A machine costs P 20,000.00 today and has an estimated scrap value of P2,000.00 after 8 years. Inflation is 2% per year. The effective annual interest rate earned on money invested is 8%. How much money needs to be set aside each year to replace the machine with an identical model 8 years from now?

To find out how much money needs to be set aside each year to replace the machine, we need to calculate the future value of the machine's cost and subtract the future value of the scrap value.

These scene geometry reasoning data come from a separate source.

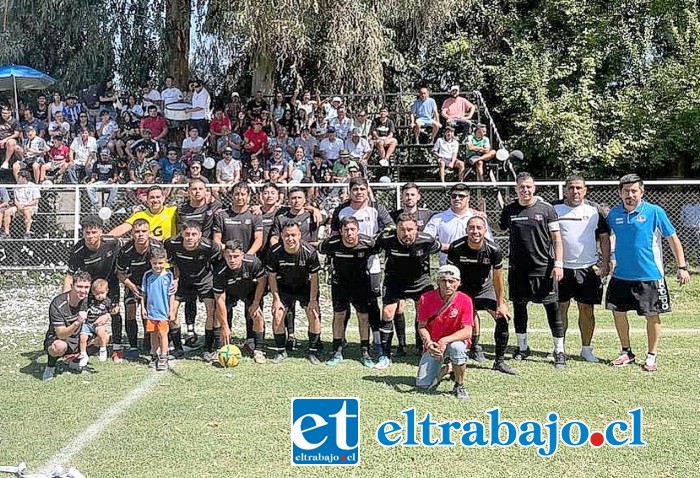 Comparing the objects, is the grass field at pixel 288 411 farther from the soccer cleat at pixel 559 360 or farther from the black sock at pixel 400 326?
the black sock at pixel 400 326

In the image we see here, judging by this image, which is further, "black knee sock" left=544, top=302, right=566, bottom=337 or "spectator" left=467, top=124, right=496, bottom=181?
"spectator" left=467, top=124, right=496, bottom=181

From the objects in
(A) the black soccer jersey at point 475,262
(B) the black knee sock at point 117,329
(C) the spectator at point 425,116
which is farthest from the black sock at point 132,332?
(C) the spectator at point 425,116

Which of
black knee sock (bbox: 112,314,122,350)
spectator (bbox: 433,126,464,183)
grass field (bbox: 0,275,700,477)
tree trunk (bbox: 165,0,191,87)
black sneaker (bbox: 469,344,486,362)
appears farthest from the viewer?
tree trunk (bbox: 165,0,191,87)

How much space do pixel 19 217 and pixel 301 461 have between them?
391 inches

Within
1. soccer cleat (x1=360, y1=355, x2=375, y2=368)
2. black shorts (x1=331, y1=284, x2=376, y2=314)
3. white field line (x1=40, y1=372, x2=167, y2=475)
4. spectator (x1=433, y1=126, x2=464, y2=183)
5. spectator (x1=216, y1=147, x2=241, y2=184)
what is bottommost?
white field line (x1=40, y1=372, x2=167, y2=475)

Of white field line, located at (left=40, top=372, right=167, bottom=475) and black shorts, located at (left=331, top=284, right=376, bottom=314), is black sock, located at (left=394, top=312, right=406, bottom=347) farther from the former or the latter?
white field line, located at (left=40, top=372, right=167, bottom=475)

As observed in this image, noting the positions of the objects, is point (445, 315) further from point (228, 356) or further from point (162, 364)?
point (162, 364)

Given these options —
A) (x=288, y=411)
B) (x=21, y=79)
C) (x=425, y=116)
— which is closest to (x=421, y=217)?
(x=288, y=411)

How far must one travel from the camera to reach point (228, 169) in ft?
47.0

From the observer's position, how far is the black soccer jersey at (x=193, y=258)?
8.21 metres

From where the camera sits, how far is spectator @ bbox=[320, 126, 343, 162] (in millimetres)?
14866

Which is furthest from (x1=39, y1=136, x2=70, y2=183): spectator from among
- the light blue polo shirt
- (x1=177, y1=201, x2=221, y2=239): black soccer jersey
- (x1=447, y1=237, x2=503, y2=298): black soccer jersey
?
the light blue polo shirt

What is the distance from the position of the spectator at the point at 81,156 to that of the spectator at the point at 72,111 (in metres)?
1.06

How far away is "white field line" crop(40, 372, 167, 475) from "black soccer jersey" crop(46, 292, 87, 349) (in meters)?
0.88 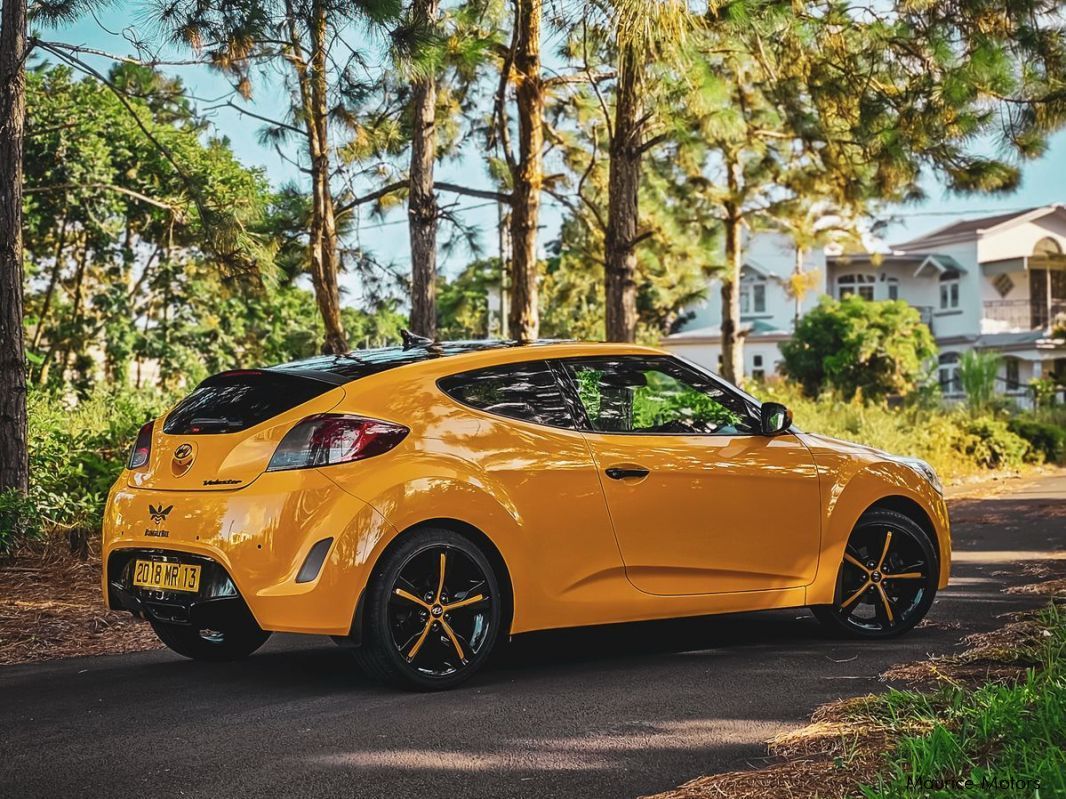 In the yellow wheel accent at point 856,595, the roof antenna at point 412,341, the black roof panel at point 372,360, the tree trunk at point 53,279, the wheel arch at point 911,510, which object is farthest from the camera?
the tree trunk at point 53,279

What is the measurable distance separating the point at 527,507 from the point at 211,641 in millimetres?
2160

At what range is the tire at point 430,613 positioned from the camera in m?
5.96

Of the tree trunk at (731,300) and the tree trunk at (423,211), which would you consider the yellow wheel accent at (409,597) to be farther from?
the tree trunk at (731,300)

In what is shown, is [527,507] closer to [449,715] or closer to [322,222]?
[449,715]

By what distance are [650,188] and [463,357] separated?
1838 centimetres

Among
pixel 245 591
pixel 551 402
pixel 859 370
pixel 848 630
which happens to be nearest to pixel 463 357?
pixel 551 402

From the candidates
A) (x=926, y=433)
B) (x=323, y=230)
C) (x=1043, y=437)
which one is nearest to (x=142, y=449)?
(x=323, y=230)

First, we will calculate the future value of the machine's cost after 8 years. We will use the formula for future value with compound interest:

FV = PV * (1 + r)^n

Where:
FV = future value
PV = present value (machine cost)
r = interest rate
n = number of years

PV = P20,000.00
r = 8% = 0.08
n = 8 years

FV= P20,000.00 * (1 + 0.08)^8 = P20,000.00 * 1.08^8 = P38806.95

Next, we will calculate the future value of the machine's scrap value after 8 years. We will also use the formula for future value with compound interest:

FV = PV * (1 + r)^n

Where:
FV = future value
PV = present value (scrap value)
r = interest rate
n = number of years

PV = P2,000.00
r = 8% = 0.08
n = 8 years

FV = P2,000.00 * (1 + 0.08)^8 = P2,000.00 * 1.08^8 = P3,881.09

Now, we can calculate the annual amount that needs to be set aside to replace the machine:

Amount = (FV - Scrap Value) / (1 + Inflation Rate)^n

Where:
Amount = annual amount to be set aside
FV = future value of the machine's cost
Scrap Value = future value of the machine's scrap value
Inflation Rate = 2% = 0.02
n = number of years = 8

Amount = (P38,806.95 - P3,881.09) / (1 + 0.02)^8 = P34,925.86 / 1.02^8 = P27,994.65

Therefore, P27,994.65 needs to be set aside each year to replace the machine with an identical model 8 years from now.